● EXCERPTED RECORDS:
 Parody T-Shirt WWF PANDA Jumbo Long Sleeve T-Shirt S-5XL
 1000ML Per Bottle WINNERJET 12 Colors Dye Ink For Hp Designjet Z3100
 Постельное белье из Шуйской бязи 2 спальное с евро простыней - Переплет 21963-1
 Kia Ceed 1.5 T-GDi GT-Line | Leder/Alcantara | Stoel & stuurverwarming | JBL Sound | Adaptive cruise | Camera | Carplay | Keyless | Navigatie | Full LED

* * *

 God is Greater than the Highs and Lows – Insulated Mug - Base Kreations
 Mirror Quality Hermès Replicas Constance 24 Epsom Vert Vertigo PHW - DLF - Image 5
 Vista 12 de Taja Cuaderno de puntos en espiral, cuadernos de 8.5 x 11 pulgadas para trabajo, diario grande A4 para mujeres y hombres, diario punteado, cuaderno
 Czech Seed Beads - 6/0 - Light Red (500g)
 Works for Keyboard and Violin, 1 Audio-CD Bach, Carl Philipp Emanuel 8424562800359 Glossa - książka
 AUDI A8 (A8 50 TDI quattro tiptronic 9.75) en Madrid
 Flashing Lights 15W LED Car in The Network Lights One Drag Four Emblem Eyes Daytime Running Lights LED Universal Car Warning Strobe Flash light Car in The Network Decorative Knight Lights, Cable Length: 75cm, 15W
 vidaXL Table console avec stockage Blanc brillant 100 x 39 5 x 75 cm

==

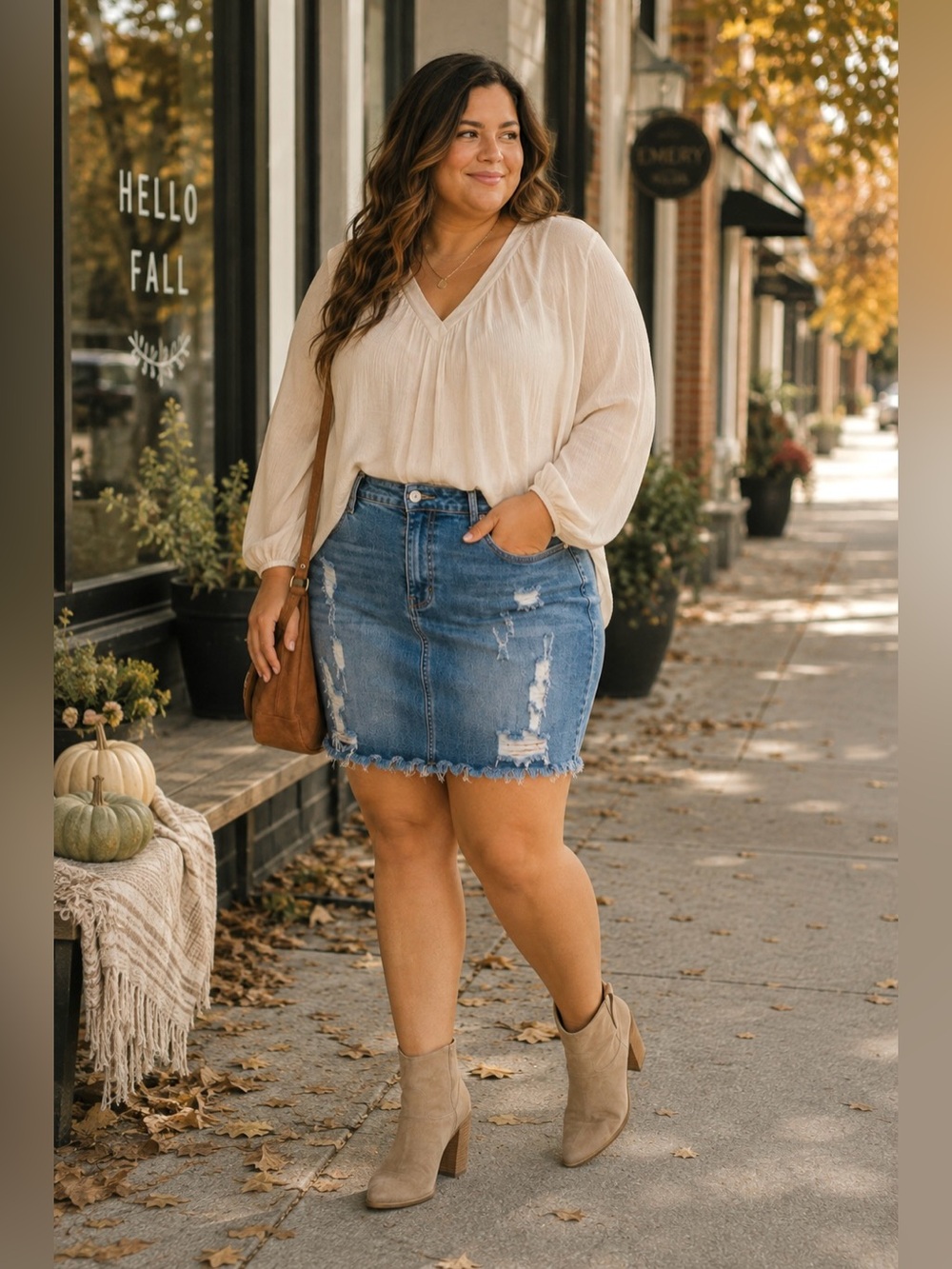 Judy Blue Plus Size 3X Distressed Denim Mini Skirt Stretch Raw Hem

● HOW TO COMPLETE THIS TASK:
Would you retype exactly the lines above, from the line with "Works for Keyboard" to the line with "vidaXL Table console", with both end lines kept and nothing more?

● SOLVED EXERCISE:
 Works for Keyboard and Violin, 1 Audio-CD Bach, Carl Philipp Emanuel 8424562800359 Glossa - książka
 AUDI A8 (A8 50 TDI quattro tiptronic 9.75) en Madrid
 Flashing Lights 15W LED Car in The Network Lights One Drag Four Emblem Eyes Daytime Running Lights LED Universal Car Warning Strobe Flash light Car in The Network Decorative Knight Lights, Cable Length: 75cm, 15W
 vidaXL Table console avec stockage Blanc brillant 100 x 39 5 x 75 cm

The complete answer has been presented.